La Ferme du temple, une ferme collective.
Dès son installation, Gautier avait pour ambition de ne pas travailler seul sur sa ferme. De par son système, il ne faisait pas usage de tous ses bâtiments. Pourquoi ne pas en faire profiter quelqu’un à la recherche de locaux ? Dès 2016, attiré par le projet collectif et le loyer modéré, Hugo et son projet de brasserie artisanale rejoignent la ferme. À partir de là, Gautier se fixe l’objectif d’accueillir une nouvelle personne sur la ferme chaque année.
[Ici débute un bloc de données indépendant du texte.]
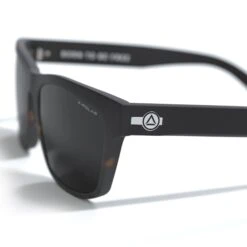 Ushuaia Black Tortoise / Black 24 Ushuaia Black Tortoise / Black -The Indian Face Ventas UL S14 02 04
Vient ainsi le tour de Will, ancien expert automobile reconverti en artisan boulanger puis de Marceau, jeune apiculteur, Mado et son atelier de céramique puis Rémi qui installe en ce moment même son système fromager.
Mais alors comment tout cela fonctionne ?
Un modèle gagnant-gagnant !
Excepté Rémi, tous les artisans installés payent un petit loyer (~2 € du m2). Un format à bénéfice réciproque puisque ce loyer aide Gautier à payer la location de ses terres et aux artisans installés à payer un loyer bien plus modeste qu’un loyer "type" en ville. Au-delà de l’aspect financier, ce format permet surtout aux artisans de bénéficier d’un point de vente diversifié et dont la fréquentation est déjà assurée. De même pour Gautier, qui en accueillant chaque année une nouvelle personne, diversifie encore plus l’offre de vente directe sur sa ferme. Aujourd’hui, la ferme organise un marché de producteur mensuel où vous pourrez trouver pain, bière, poterie, miel, viande de bœuf, bientôt fromage mais aussi des produits d’autres producteurs du coin qui se déplacent spécialement pour l’occasion.
Une ferme, des artisans, un engagement partagé !
Les artisans et leurs produits incarnent tous l’identité de la Ferme du Temple, une identité fondée sur des valeurs communes telles que le bio, le local, et une approche collaborative. Travailler à la Ferme du Temple, c’est s'engager dans un projet collectif, où chaque acteur participe, à son échelle, à la vie de la ferme. S’y installer, c’est adopter et respecter ces valeurs tout en bénéficiant d’une liberté totale dans la gestion de son projet, qu’il s’agisse de la conception des produits, des infrastructures ou encore des horaires de travail, chacun gère comme il le veut !
Et Gautier dans tout ça ? Focus sur le système laitier
Gautier est éleveur de 80 vaches laitières de race Kiwicross ainsi que quelques bœufs et génisses croisées Angus. Les vaches sont nourries exclusivement à l’herbe des prairies de la ferme et sont en pâturage 10 mois sur 12. Gautier produit principalement du lait bio, vendu en partie en direct à la ferme et le reste à une coopérative laitière BIO, Biolait. Il vend également la viande de ses vaches réformées et il produit et commercialise quelques céréales et légumineuses (sarrasin, lentilles).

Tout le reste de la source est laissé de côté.